Pour les chrétiens du Myanmar, le retour d’un gouvernement militaire refait surgir d’immenses craintes pour le futur.
Le pasteur Jo Ko Thun (pseudonyme), homme d’un âge avancé, a déjà connu la dure vie d’un croyant sous la dictature: «Quand je me remémore la façon dont le précédent gouvernement militaire nous a traités, je suis si énervé que j’en vomis presque!», témoigne-t-il. Avant de poursuivre:
«J'étais alors étudiant et je me rappelle ces contrôles d’identité interminables, sous la pluie, que nous subissions mes camarades et moi. Ils nous avaient confisqué nos livres. Un jour, nous avions apporté notre propre riz pour le cuisiner sur place. Les soldats nous ont accusés de vouloir nourrir les groupes insurgés, et ils nous ont arrêtés.»
Le vieil homme conclut:
«Si les militaires reprennent le pouvoir, mes larmes ne pourront s’arrêter de couler. Je n’ose même pas imaginer cette possibilité… »
De nombreux chrétiens partagent la crainte du pasteur Jo Ko Thun. Mais ils sont aussi déterminés à rester proches de Dieu. Ils sont convaincus que le Seigneur les protégera dans ces moments, nous assurent nos contacts. Twitter et Facebook ont été bloqués et durant le week-end, tout le réseau Internet a été coupé. Du moins en théorie: «C’est incroyable la grâce que Dieu nous fait de pouvoir garder le contact grâce à Internet», témoigne Min Thaing (pseudonyme), une partenaire locale de Portes Ouvertes. «La connexion ici est assez instable mais nous avons un Dieu qui a séparé une mer en deux!»
Conséquences des coupures d'internet
- Les cultes en ligne perturbés le week-end: les coupures d’Internet le week-end empêchent les églises de diffuser leur culte. Or, de nombreux chrétiens birmans suivent les réunions sur les réseaux sociaux, surtout en cette période de pandémie. Les fidèles sont aussi confrontés à des pratiques qu'ils ne peuvent accepter. Par exemple, les manifestants tapent sur des casseroles dans les rassemblements. Il s’agit de rituels visant à chasser les mauvais esprits. Les chrétiens sont aussi tiraillés entre la nécessité de travailler et la pression exercée sur eux par leurs collègues pour faire grève et aller manifester.

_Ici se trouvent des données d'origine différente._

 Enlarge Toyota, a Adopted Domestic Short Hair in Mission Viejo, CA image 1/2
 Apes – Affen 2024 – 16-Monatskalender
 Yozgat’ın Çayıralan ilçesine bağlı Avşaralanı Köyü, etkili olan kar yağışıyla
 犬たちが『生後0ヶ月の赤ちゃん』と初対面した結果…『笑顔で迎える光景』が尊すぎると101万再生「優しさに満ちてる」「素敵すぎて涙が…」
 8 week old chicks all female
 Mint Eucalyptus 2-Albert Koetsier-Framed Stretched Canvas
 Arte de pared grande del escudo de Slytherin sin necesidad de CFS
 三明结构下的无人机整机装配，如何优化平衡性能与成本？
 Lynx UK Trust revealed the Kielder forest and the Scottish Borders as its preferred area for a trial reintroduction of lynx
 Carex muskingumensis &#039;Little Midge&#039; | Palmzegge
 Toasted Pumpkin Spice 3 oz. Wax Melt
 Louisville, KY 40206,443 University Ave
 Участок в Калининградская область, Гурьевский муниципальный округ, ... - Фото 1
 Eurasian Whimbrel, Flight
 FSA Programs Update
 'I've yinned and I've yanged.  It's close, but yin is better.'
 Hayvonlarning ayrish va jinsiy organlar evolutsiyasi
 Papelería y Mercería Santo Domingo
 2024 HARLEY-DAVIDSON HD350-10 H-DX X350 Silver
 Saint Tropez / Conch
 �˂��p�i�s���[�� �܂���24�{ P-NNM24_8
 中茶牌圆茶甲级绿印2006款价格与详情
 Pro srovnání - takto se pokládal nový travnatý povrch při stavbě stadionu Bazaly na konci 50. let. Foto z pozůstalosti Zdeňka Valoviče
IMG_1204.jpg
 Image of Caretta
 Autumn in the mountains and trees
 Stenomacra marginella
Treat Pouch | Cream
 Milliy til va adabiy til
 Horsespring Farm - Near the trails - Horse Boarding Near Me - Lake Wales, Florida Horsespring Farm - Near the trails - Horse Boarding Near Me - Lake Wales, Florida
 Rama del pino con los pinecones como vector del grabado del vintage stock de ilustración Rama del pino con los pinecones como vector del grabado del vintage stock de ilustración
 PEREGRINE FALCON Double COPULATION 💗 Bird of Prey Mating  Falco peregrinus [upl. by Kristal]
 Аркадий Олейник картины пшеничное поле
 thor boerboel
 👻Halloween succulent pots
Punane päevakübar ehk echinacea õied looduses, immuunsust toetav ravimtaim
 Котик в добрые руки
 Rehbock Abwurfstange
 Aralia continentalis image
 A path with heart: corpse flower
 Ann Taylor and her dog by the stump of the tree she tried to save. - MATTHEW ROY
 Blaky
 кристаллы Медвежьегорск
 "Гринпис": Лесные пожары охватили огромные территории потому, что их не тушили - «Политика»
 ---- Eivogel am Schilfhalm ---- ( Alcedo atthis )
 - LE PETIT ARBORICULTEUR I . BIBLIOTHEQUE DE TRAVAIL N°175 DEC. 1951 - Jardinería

- L'économie du pays en souffrance: à cause du blocage d’Internet, les Birmans ne peuvent plus accéder au site «Wave money». Or «cette application est très répandue et permet de transférer de l’argent de manière sécurisée», explique Daisy, une partenaire locale. Résultat: «Depuis la suspension d’Internet, beaucoup de personnes sont en difficulté.»
- L’économie du pays risque aussi d’être impactée par une dévaluation des monnaies locales, comme lors du précédent gouvernement militaire. Autre problème et pas des moindres: les restrictions de déplacements et la prolifération de barrages sur les routes peuvent empêcher les partenaires de Portes Ouvertes d’apporter une aide d’urgence aux chrétiens.
- Les manifestations peuvent dégénérer à tout moment: «Les tensions entre les défenseurs prodémocratie et les militaires sont imprévisibles», explique Daisy. «La police forme une ligne que les manifestants ne peuvent franchir. Si des personnes franchissent cette délimitation, la police va leur tirer dessus. Les manifestations vont s’intensifier dans les prochains jours. Ils sont chaque jour plus nombreux.» Les manifestations, globalement pacifiques, n’ont jamais été aussi importantes depuis la chute du gouvernement militaire précédent en 2011.